Amato si accorge delle moschee d’Italia «Chi le finanzia?»

Il ministro dell’Interno: «Si diffondono con i soldi dall’estero, è inaccettabile». Il Polo: «Giusto ma tardivo». Musulmani in rivolta

da Roma

Potrebbe chiamarsi Operazione moschee trasparenti, quella di Giuliano Amato. Il ministro dell’Interno vuole vederci chiaro sui finanziamenti esteri per costruire luoghi di culto musulmani nel nostro Paese e pretende anche maggiori controlli sulle scuole islamiche che «devono rispettare lo standard di qualità soprattutto per gli insegnanti».
Per il titolare del Viminale è «inaccettabile la diffusione delle moschee con soldi che arrivano dall'estero». «C'è qualcosa che non mi piace, voglio capire chi finanzia cosa». Amato pensa al modello francese: una fondazione «con una componente nazionale dove far confluire le risorse che finanzino le opere religiose e quelle civili». Dietro alle sue preoccupazioni c’è il terrorismo internazionale, «una minaccia che incombe perché i gruppi sono ancora attivi». Per Amato «siamo attrezzati per tenerli d'occhio; il lavoro di intelligence ci ha forse aiutato ad evitare attentati in Italia, ora dobbiamo continuare a lavorare sulle tecnologie». Soprattutto ora che «la sciagurata vicenda dell'Irak attira i terroristi in quel Paese».
In Italia ci sono 258 moschee e centri islamici e 40 sono le scuole o i centri dove si studia il Corano.

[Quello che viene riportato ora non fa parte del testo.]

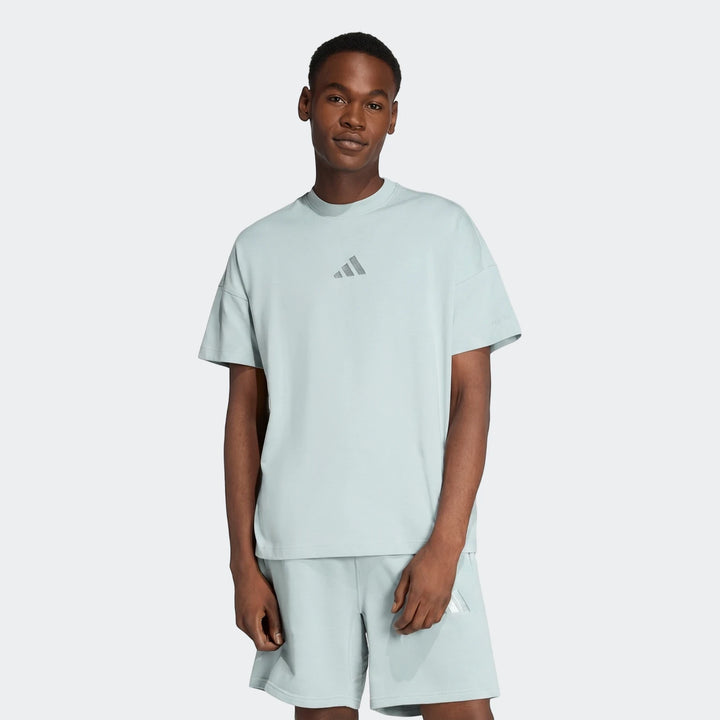 A man models an All Season T-Shirt in light blue, paired with matching shorts, looking directly at the camera.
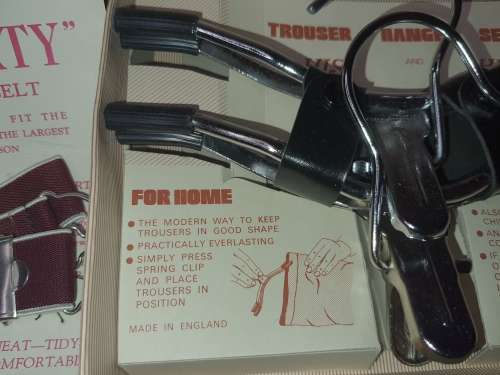 A VINTAGE TRAVELERS TROUSER HANGER IN ITS ORIGINAL BOX SOLD AS IS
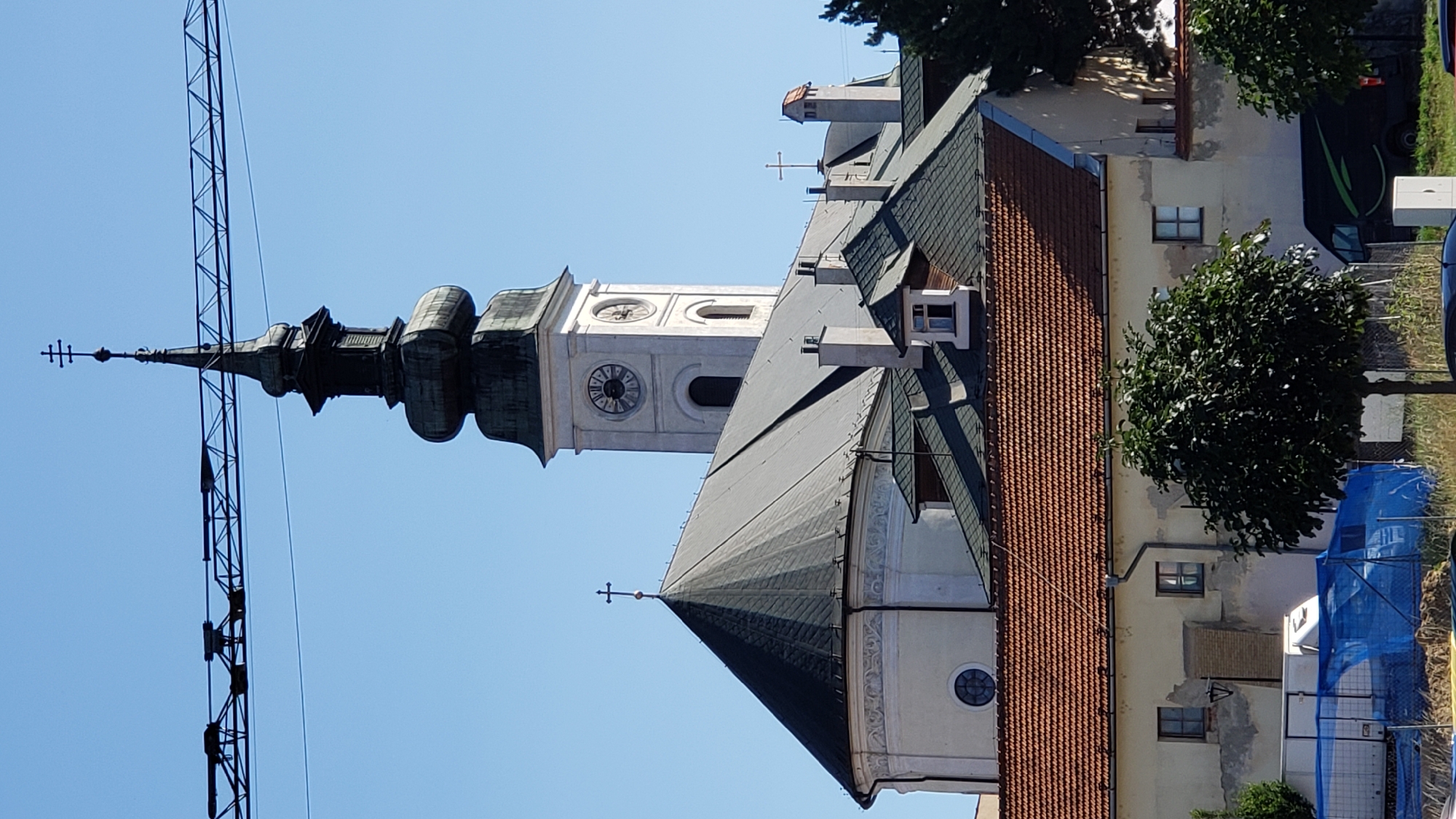 The image shows a view of the St. Nicholas Cathedral in Prešov, Slovakia. The cathedral's prominent clock tower, topped with a distinctive spire and cross, is visible against a clear blue sky. The main building of the cathedral features a large, dark-tiled conical roof. In the foreground, several buildings with red-tiled roofs are partially visible, along with trees and a construction crane extending across the upper portion of the frame. A blue tarp covers some construction materials in the lower left. The scene appears to be a bright, sunny day.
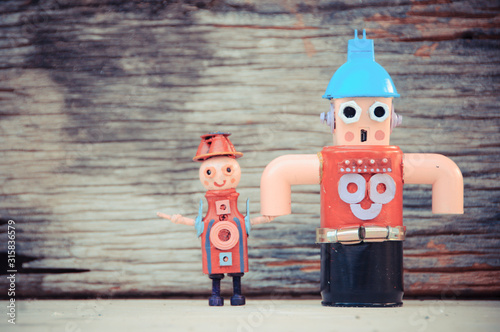 Assemblage daddy and son robot sculptures, wood background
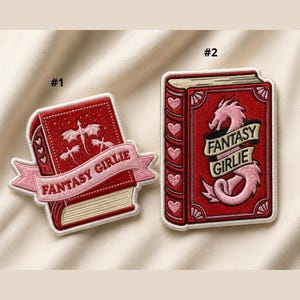 May include: Two embroidered patches with a fantasy theme. One patch features a red book with a pink banner that reads "FANTASY GIRLIE" and a dragon design. The other patch has a similar design with a dragon and the same text.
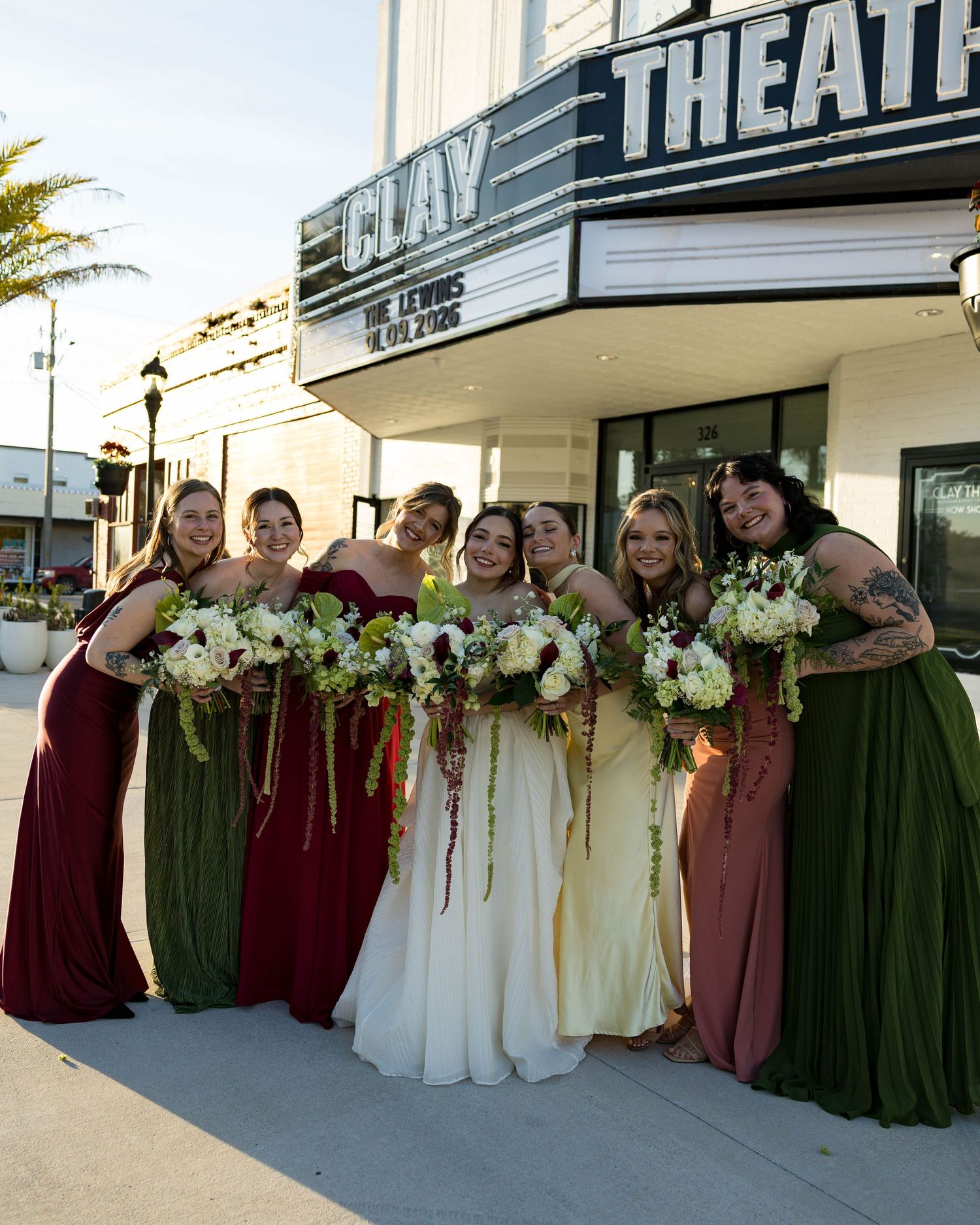 Wedding party arranged in formal line outside theater with bridesmaids in burgundy and green dresses.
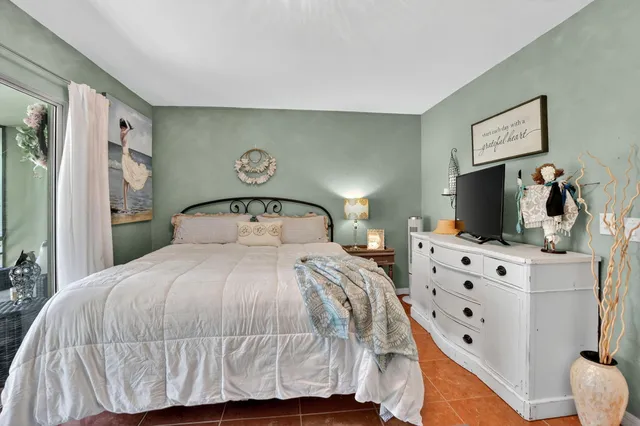 a balcony with furniture and a potted plant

I musulmani sono oltre un milione, di cui circa 20mila italiani convertiti. Da diverse indagini sono emerse infiltrazioni terroristiche, tanto che il gip di Milano Guido Salvini (archiviando l'accusa di diffamazione dell'Islamic Relief contro il vicedirettore del Corriere della Sera Magdi Allam) ha scritto che enti caritatevoli nell'orbita dell'Islam «possono fungere da collettori, anche inconsapevolmente o quantomeno nella piena buona fede da parte di coloro che partecipano alle loro attività, di somme anche destinate a fini ben diversi, e divenire stazioni di transito e di sosta di denaro che finisce nelle mani di gruppi che esaltano e mettono in pratica l'ideologia jihadista».
Per la Cdl l’allarme di Amato è «giusto anche se tardivo», come dice Andrea Ronchi di An. Per l’azzurra Isabella Bertolini «sulle moschee Amato si sveglia tardi e scopre l'acqua calda». «Si chiudano i centri se si accertano attività criminose o eversive», chiede il leghista Roberto Calderoli. «Toni da crociata», critica il Verde Angelo Bonelli.
Positivi i commenti di membri della Consulta islamica come Mario Scialoja, presidente della Lega musulmana mondiale in Italia, il vicepresidente della Comunità religiosa islamica Sergio Pallavicini e Souad Sbai, presidente della Confederazione dei marocchini. Ma c’è anche chi si ribella: Hamza Piccardo, portavoce dell’Ucoii, chiede l’uscita dell’Unione dalla Consulta, definita «inidonea» e minaccia le dimissioni. La trasparenza già c’è e i controlli pure, per lui.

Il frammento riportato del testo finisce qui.